Le très libéral Commissaire européen au Commerce, Karel De Gucht s’est réjoui du feu vert des états membres, y compris sur les services audiovisuels. Il a d’abord déclaré être « ravi que le Conseil a décidé le 14 juin de donner à la Commission européenne le feu vert pour commencer les négociations » autour d’un accord de libre-échange avec les états-Unis, ce que les technocrates de la Commission ont nommé le « Partenariat transatlantique de commerce et d’investissement ».
Si un accord est conclu avec les états-Unis, les multinationales pourront protéger leurs investissements en utilisant cette procédure d’arbitrage privée nommée « règlement des différends investisseur-Etat », et ainsi lever les barrières juridiques dans les secteurs convoités.
Pour que cette négociation puisse aboutir il est nécessaire que les Européens renoncent à une partie de leurs normes, qu’elles soient juridiques, financières, sanitaires, environnementales, culturelles. Or l’Europe a tout à perdre et rien à gagner dans cette négociation bien que la Commission estime qu’une libéralisation totale des échanges permettra de dégager un surplus de croissance pour l’Union de 0,5% du PIB. Et notre gouvernement actuel ajoute : « De plus, nous avons consulté nos entreprises et elles sont très demandeuses ».
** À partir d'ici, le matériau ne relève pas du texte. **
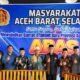 Moris Dikukuhkan sebagai Ketua KP3 ABAS Simeulue dalam Konsolidasi Akbar di Aceh Barat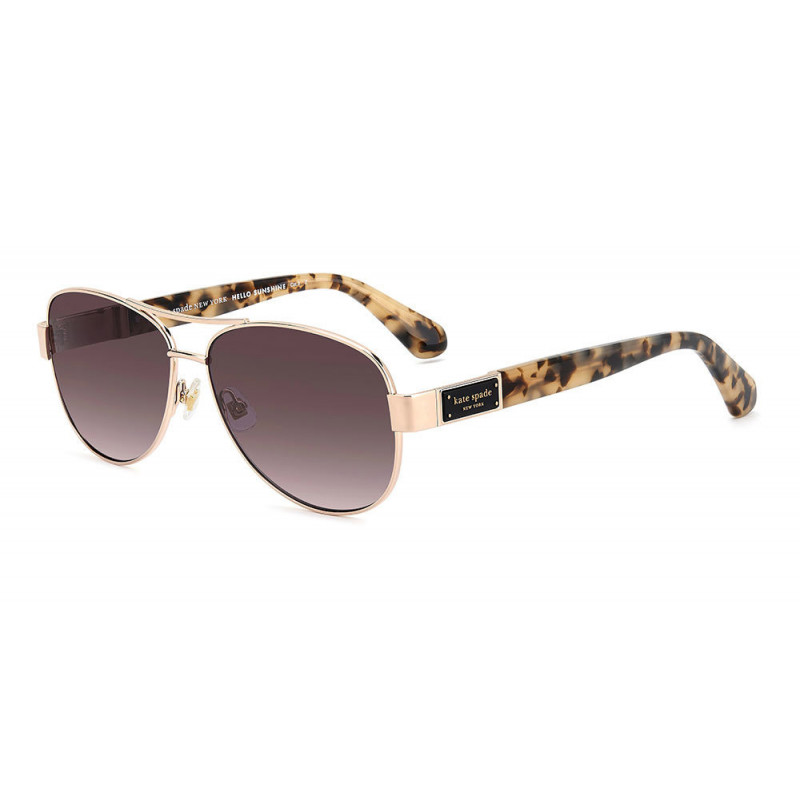 Sunglasses Kate Spade KS DALIA 3 /G/S U2JR Jr Burgundy Shaded Polarized 58mm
Quant aux Américains, ils ont tout à gagner en la matière, aussi bien dans le domaine des normes sanitaires et phytosanitaires, qu’avec leurs produits actuellement interdits en Europe, des OGM au bœuf aux hormones en passant par la viande à la ractopamine ou le poulet à la chlorine. Pour le sénateur démocrate Max Baucus « les produits des ranchers et fermiers américains sont les meilleurs au monde ». Demetrios Marantis, le responsable américain du commerce, réclame donc des « standards internationaux scientifiques », par opposition à ceux de l’Union jugés « non scientifiques » par le Congrès, et s’engage à « permettre plus d’exportations des produits cultivés et élevés en Amérique ».
Si les États n’ont pas le courage de s’opposer à un accord qui bradera une partie de l’acquis européen, les opinions publiques pourraient et surtout « devraient » le faire à leur place, comme l’a montré, le 4 juillet 2012, le rejet par le Parlement européen de l’Accord commercial anti-contrefaçon (ACTA) parce qu’il ne respectait pas les droits fondamentaux.
Une fois de plus nous constatons la soumission des États aux lobbies qui mènent le monde, malgré leurs protestations et leur affirmation de « moi Président » Je ferai… » Ils ne font rien d’utile, seulement des diversions qui n’intéressent pas grand monde et ont peu de rapport avec la véritable démocratie. Nous sommes bien dirigés par une république bananière.